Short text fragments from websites
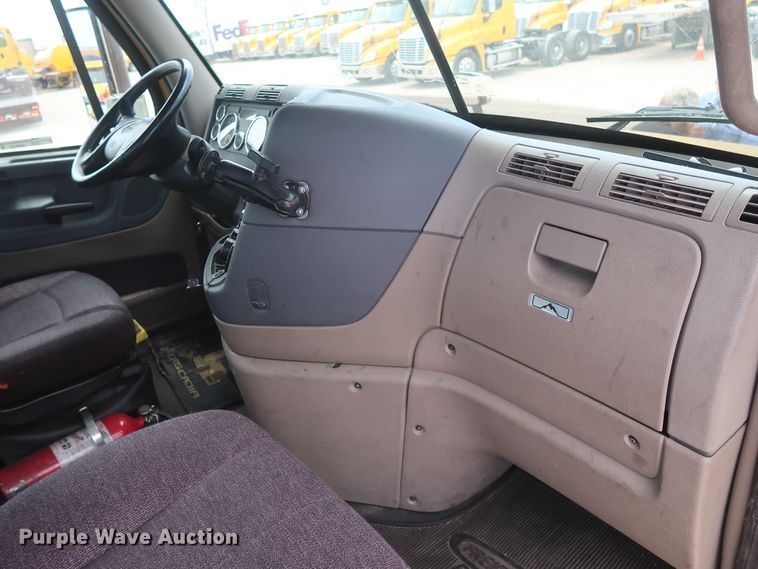 image for item HA9125 2017 Freightliner Cascadia 125  semi truck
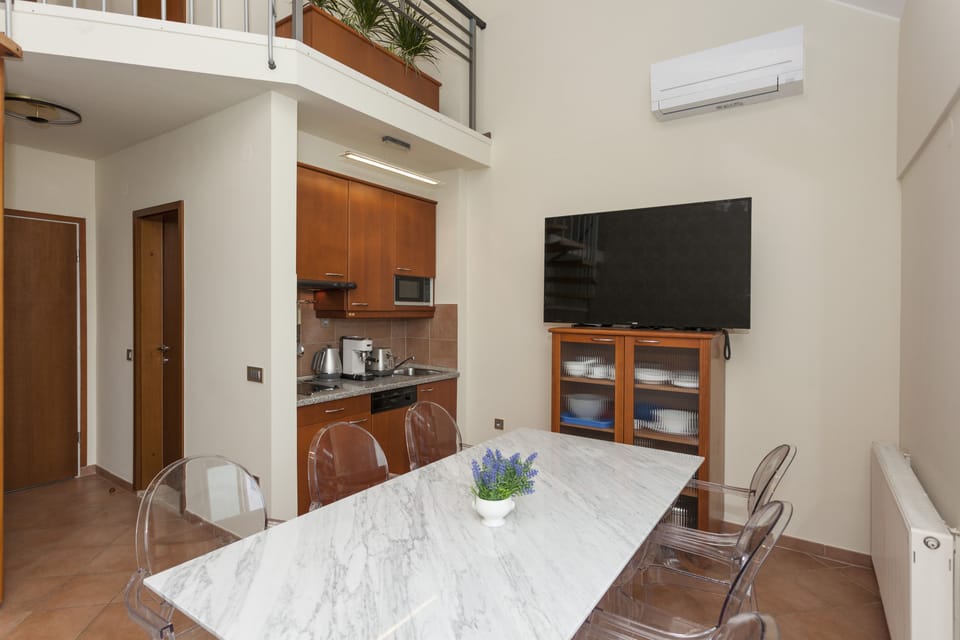 Gallery Penthouse | Private kitchen | Fridge, oven, dishwasher, coffee/tea maker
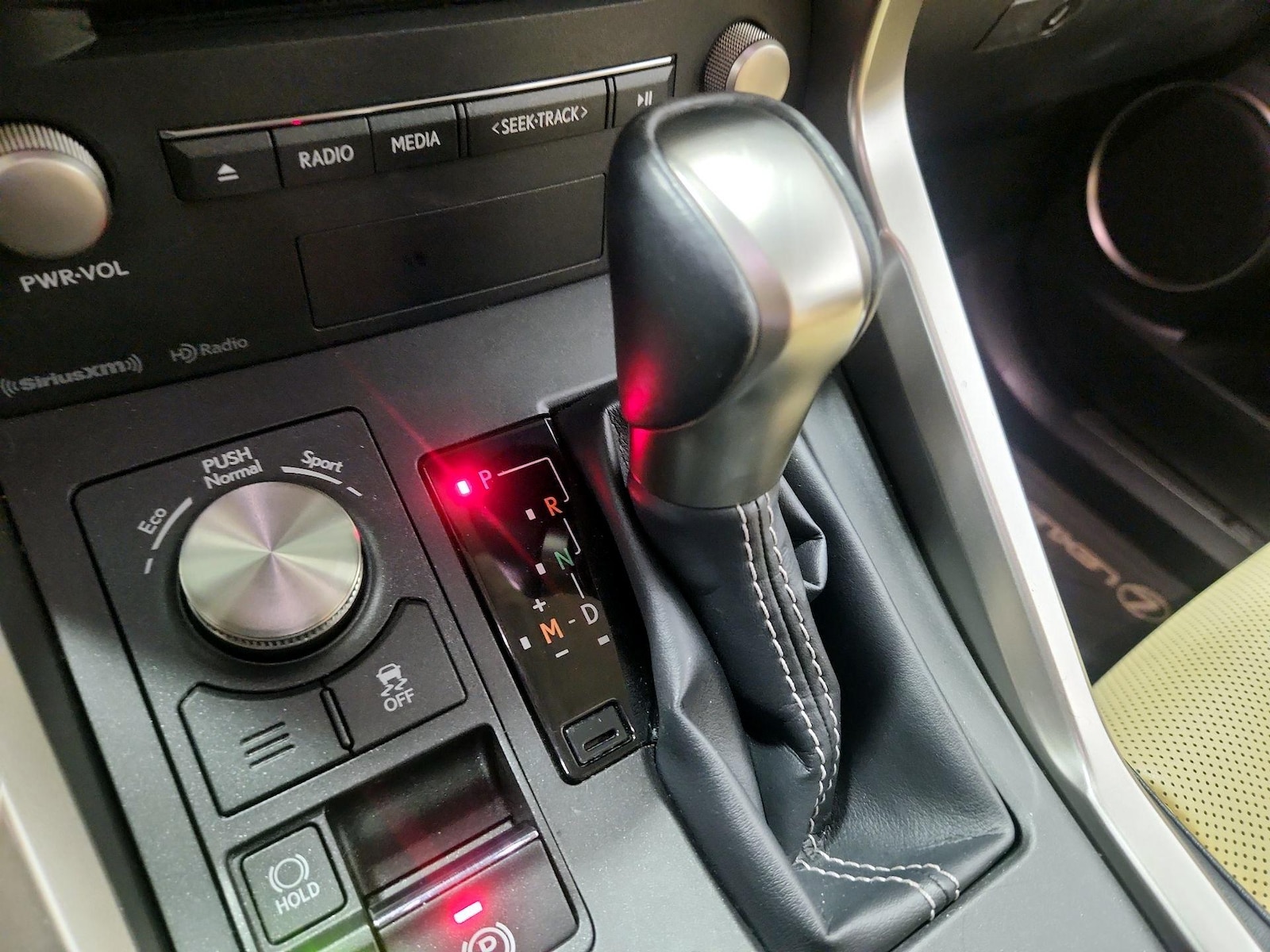 2019 Lexus NX 300 - Photo 19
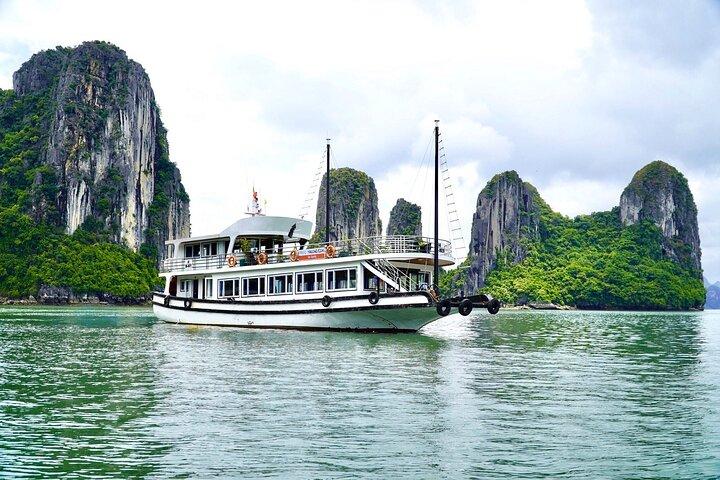 Ha Long Full Day Tour : Kayak,Cave,Swimming from Tuan Chau Island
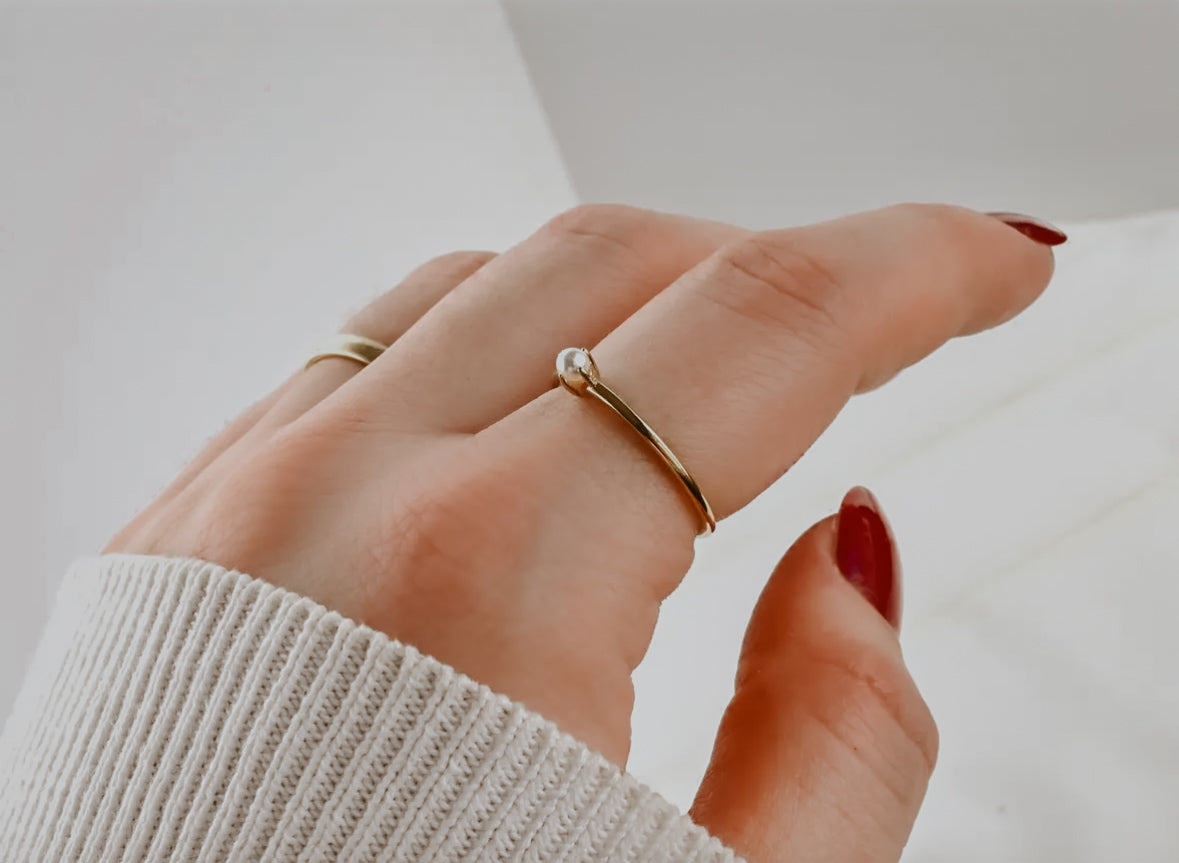 Solitaire Pearl Ring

**TRY IT**
Copy the data character for character, but drop all pictures from the copy.

**TASK SOLUTION**
 image for item HA9125 2017 Freightliner Cascadia 125  semi truck
 Gallery Penthouse | Private kitchen | Fridge, oven, dishwasher, coffee/tea maker
 2019 Lexus NX 300 - Photo 19
 Ha Long Full Day Tour : Kayak,Cave,Swimming from Tuan Chau Island
 Solitaire Pearl Ring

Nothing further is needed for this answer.